*Exercise prompt*
Look in the data below for the line that has "Westway Avenue Oak (Enfold)", then print exactly every line from there through the line that has "Kouraku En Kaminoyama", leaving pictures out.

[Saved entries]
Start of Block

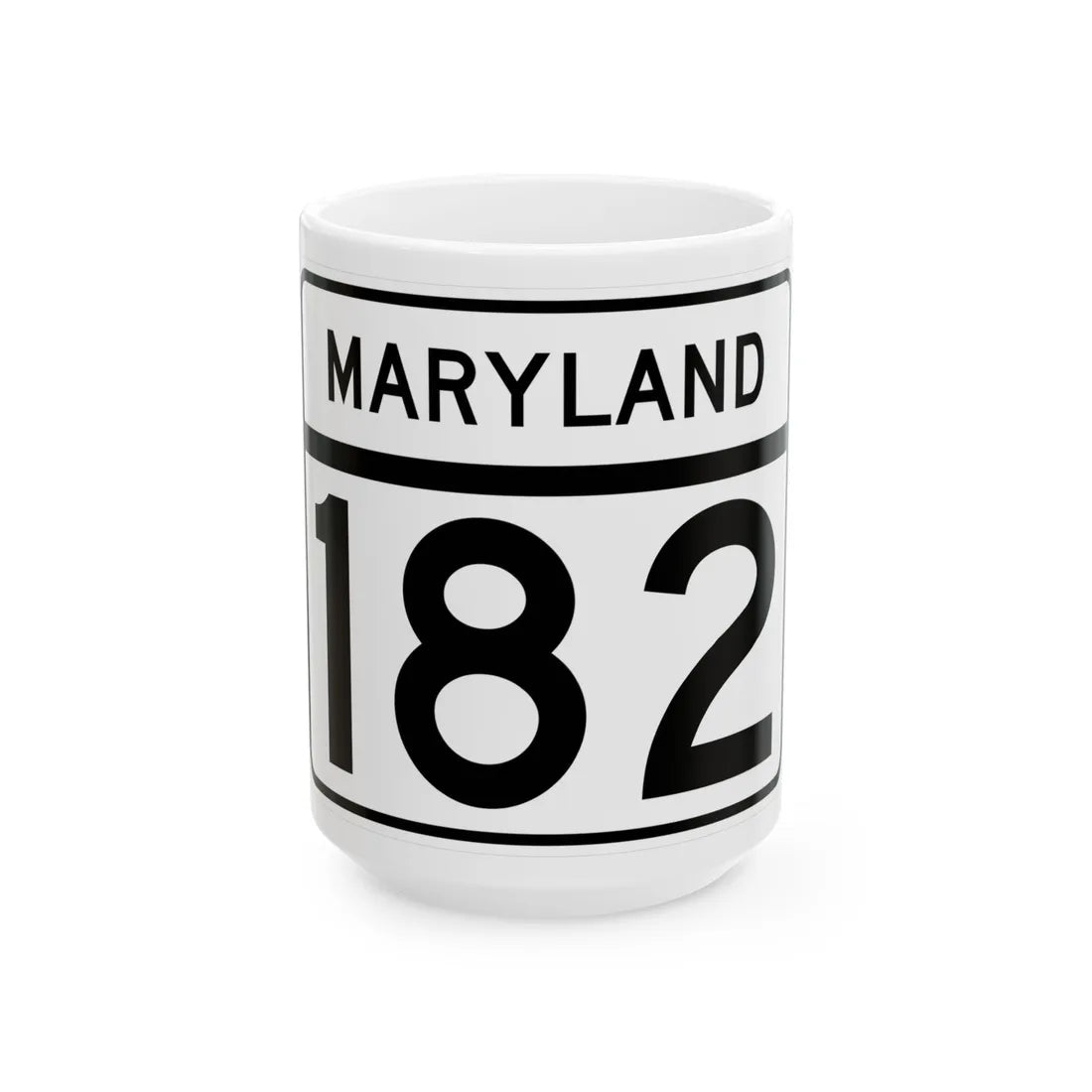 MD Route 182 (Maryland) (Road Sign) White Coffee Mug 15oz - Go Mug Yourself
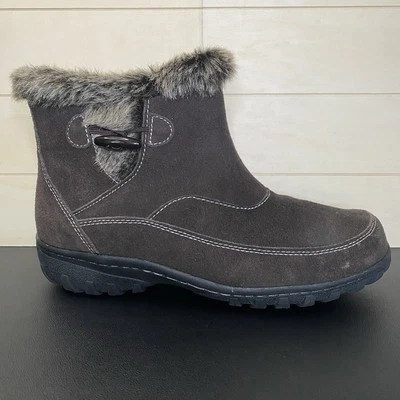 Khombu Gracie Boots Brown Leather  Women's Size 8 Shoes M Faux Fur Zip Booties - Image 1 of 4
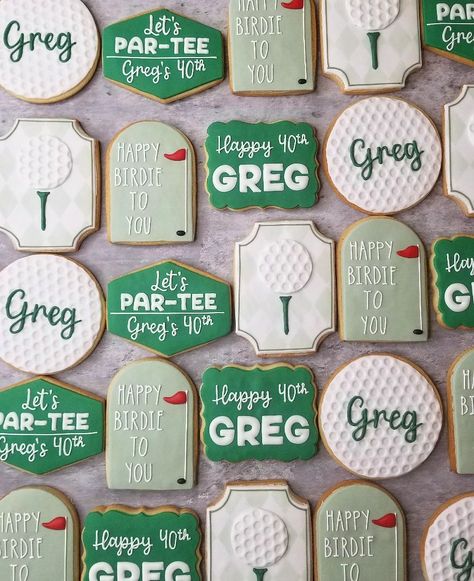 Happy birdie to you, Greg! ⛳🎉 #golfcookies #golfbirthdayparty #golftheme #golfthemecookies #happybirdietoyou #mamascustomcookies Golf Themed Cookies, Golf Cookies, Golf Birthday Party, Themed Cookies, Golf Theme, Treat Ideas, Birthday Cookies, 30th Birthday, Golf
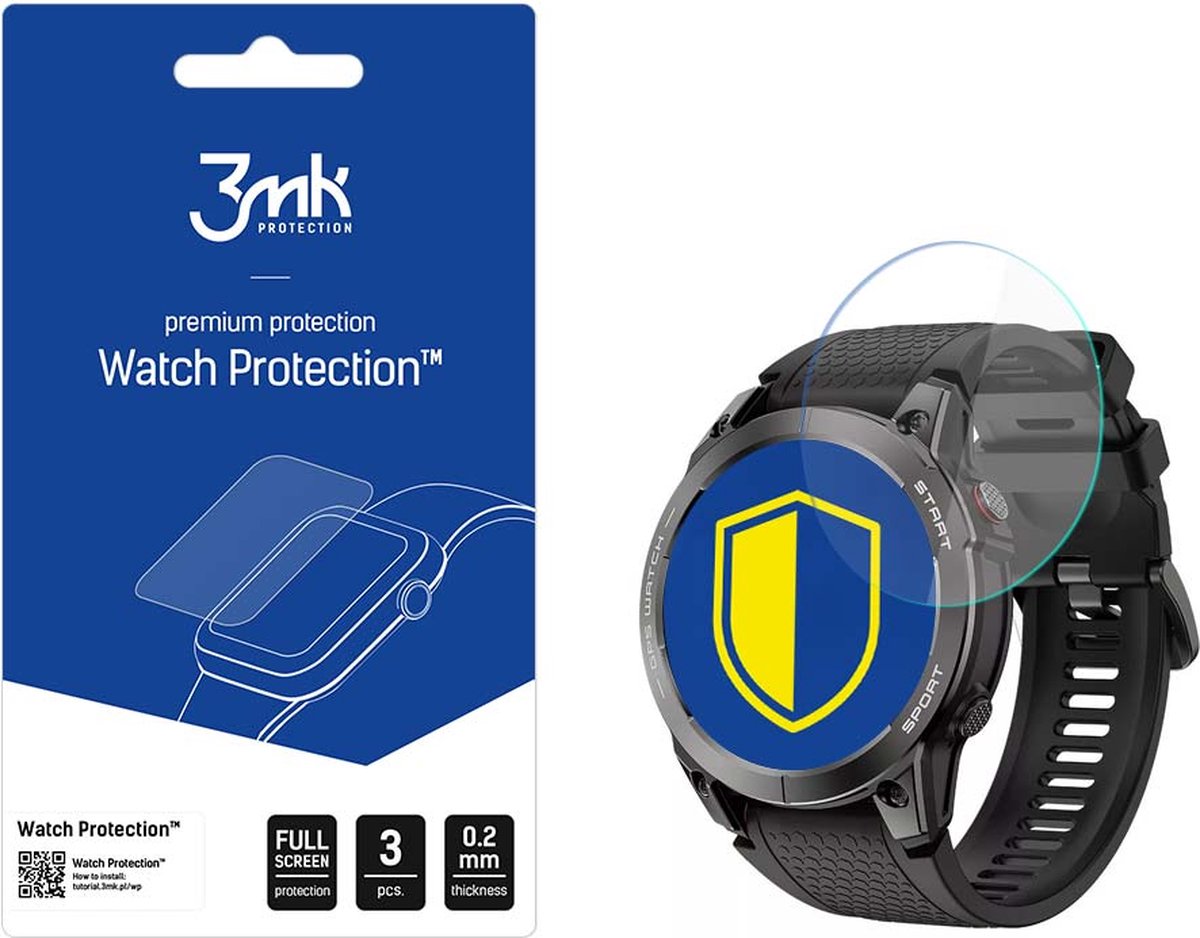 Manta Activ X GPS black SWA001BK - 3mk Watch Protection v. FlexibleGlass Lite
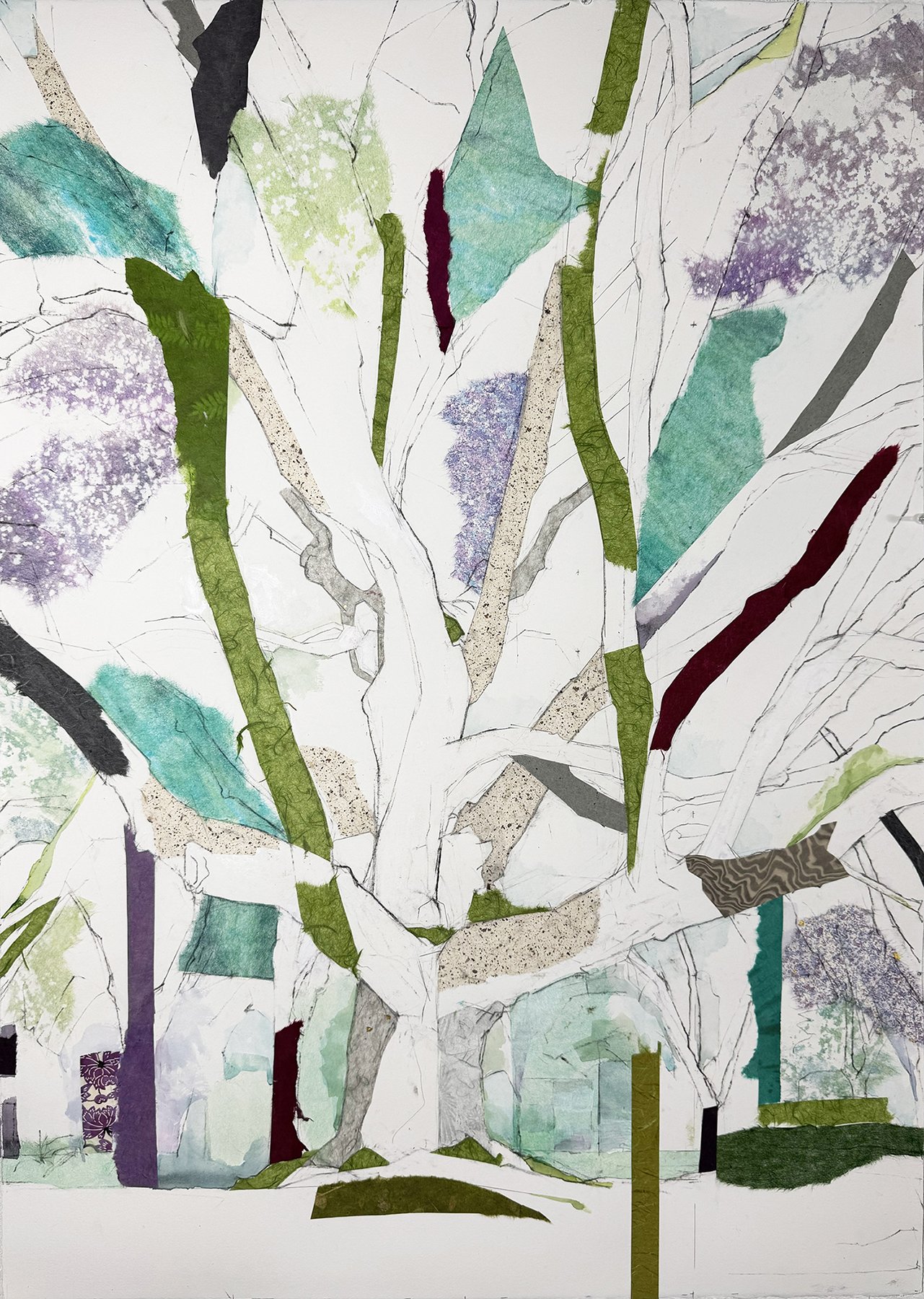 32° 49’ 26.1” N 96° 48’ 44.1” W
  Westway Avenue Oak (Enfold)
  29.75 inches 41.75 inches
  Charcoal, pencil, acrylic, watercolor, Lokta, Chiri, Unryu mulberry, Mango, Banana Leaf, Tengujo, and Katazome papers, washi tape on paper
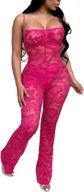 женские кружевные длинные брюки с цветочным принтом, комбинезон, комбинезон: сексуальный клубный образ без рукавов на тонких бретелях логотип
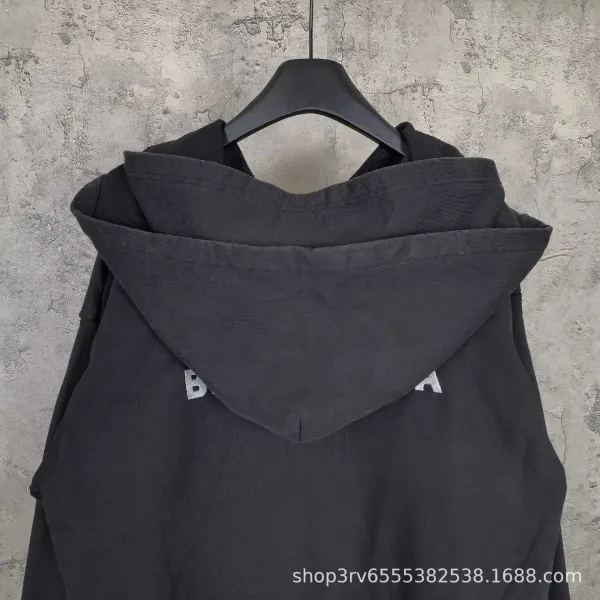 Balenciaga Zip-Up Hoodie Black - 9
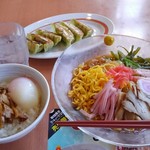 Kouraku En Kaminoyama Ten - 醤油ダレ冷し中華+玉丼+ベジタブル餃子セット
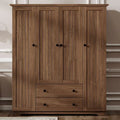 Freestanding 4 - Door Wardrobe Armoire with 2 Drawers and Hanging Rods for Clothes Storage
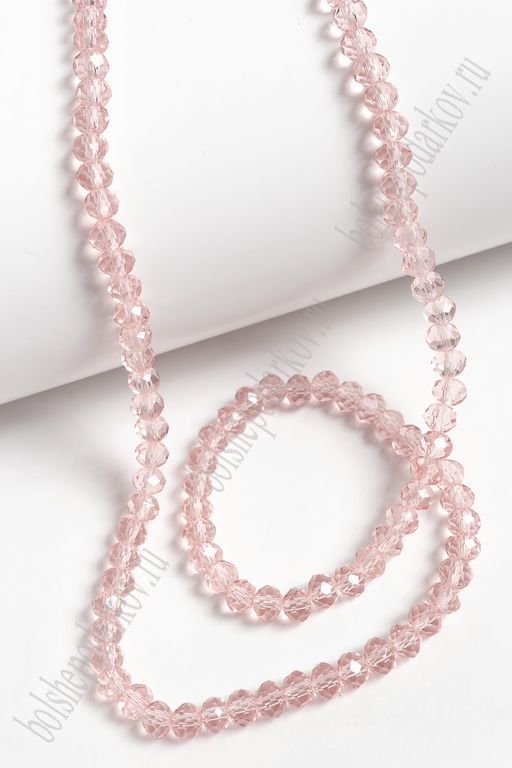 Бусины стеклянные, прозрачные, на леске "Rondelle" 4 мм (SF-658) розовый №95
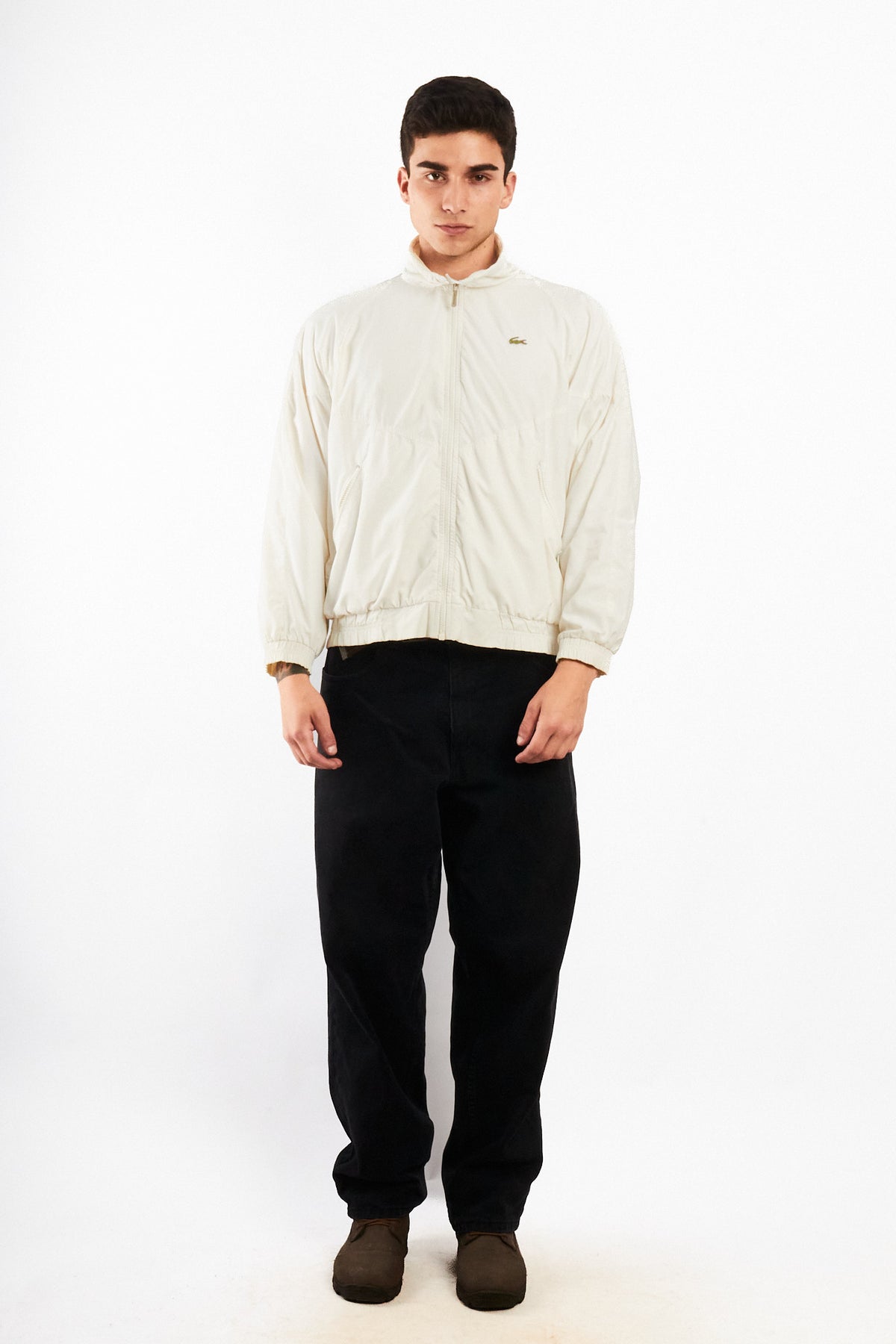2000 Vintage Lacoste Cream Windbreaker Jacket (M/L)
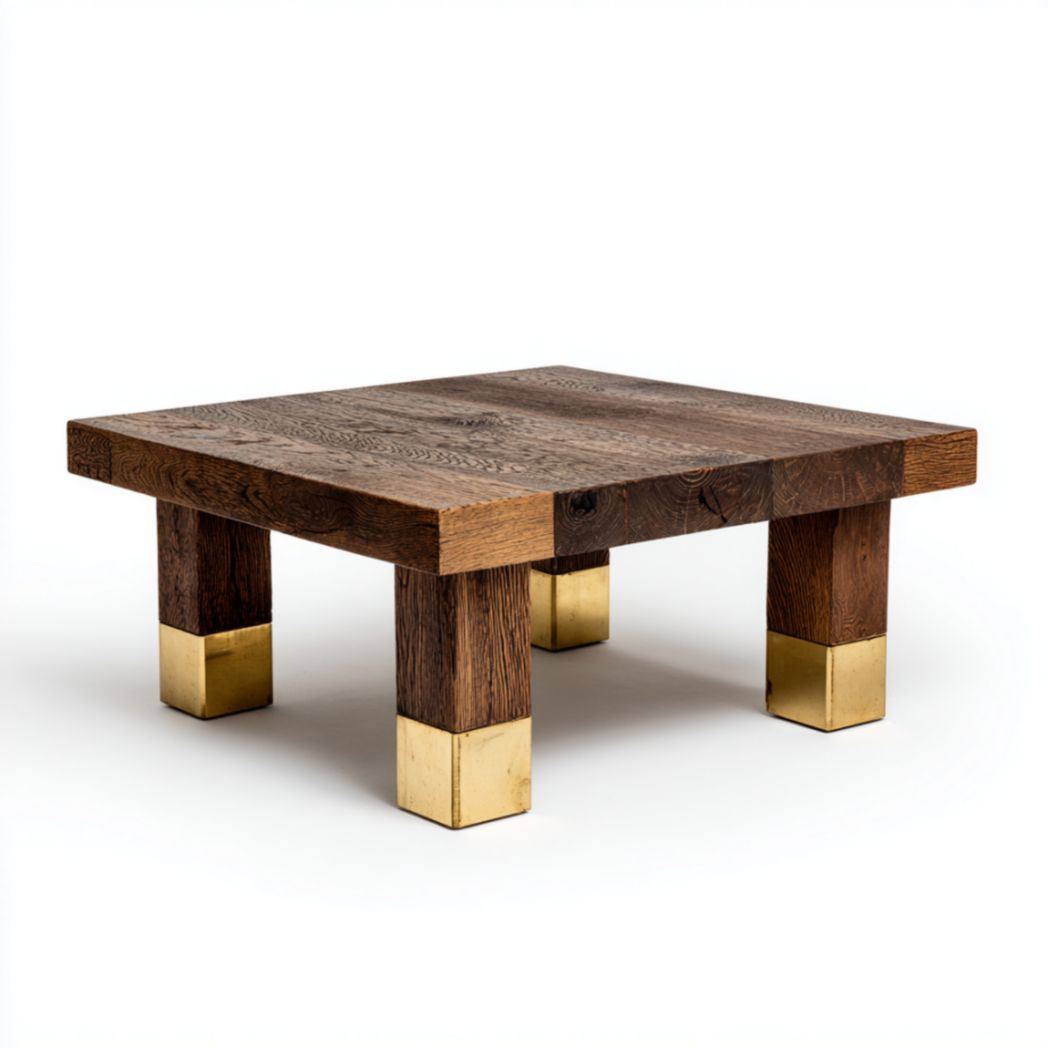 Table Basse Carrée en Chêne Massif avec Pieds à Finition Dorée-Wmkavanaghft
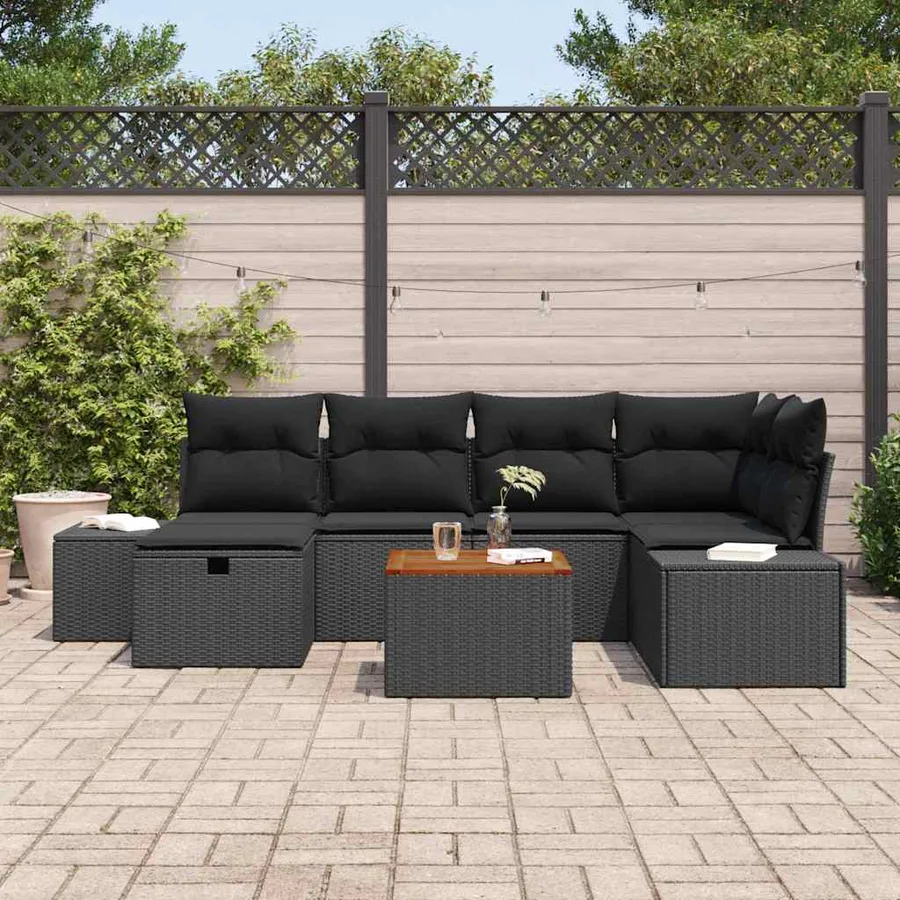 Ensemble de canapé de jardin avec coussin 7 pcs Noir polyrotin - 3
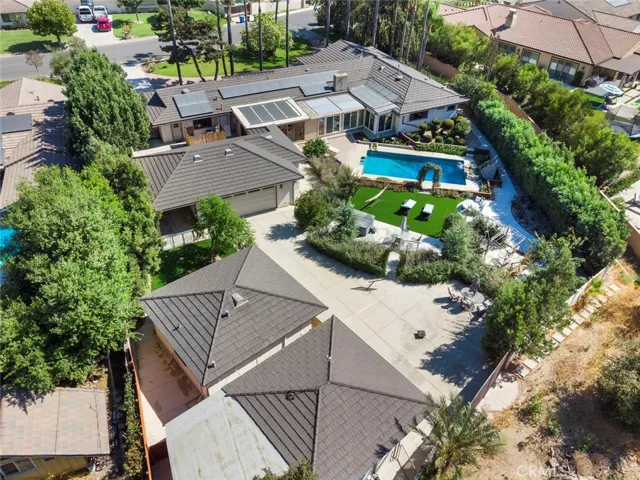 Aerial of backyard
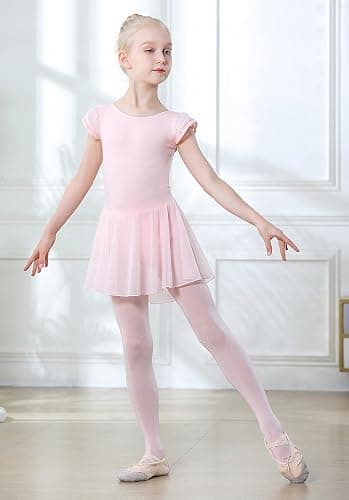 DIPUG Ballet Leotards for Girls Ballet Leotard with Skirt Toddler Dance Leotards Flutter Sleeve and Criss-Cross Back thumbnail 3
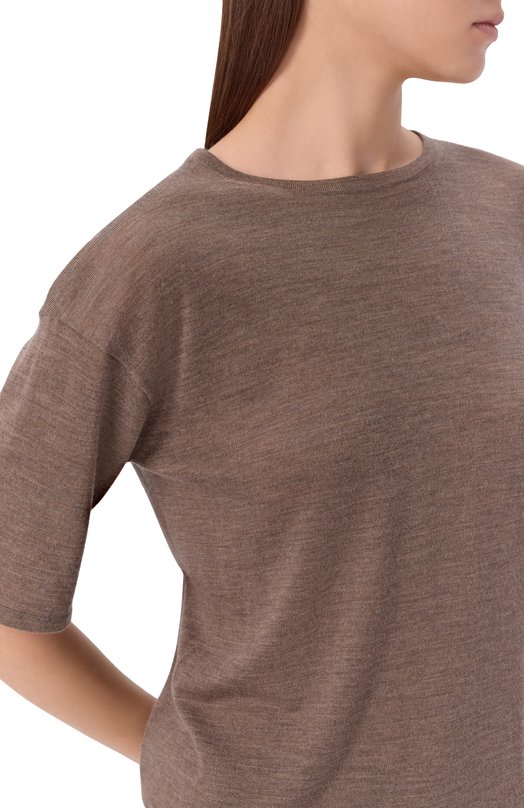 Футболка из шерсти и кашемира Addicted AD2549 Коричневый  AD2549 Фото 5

End of Block

*Completed task*
  Westway Avenue Oak (Enfold)
  29.75 inches 41.75 inches
  Charcoal, pencil, acrylic, watercolor, Lokta, Chiri, Unryu mulberry, Mango, Banana Leaf, Tengujo, and Katazome papers, washi tape on paper
 женские кружевные длинные брюки с цветочным принтом, комбинезон, комбинезон: сексуальный клубный образ без рукавов на тонких бретелях логотип
 Balenciaga Zip-Up Hoodie Black - 9
 Kouraku En Kaminoyama Ten - 醤油ダレ冷し中華+玉丼+ベジタブル餃子セット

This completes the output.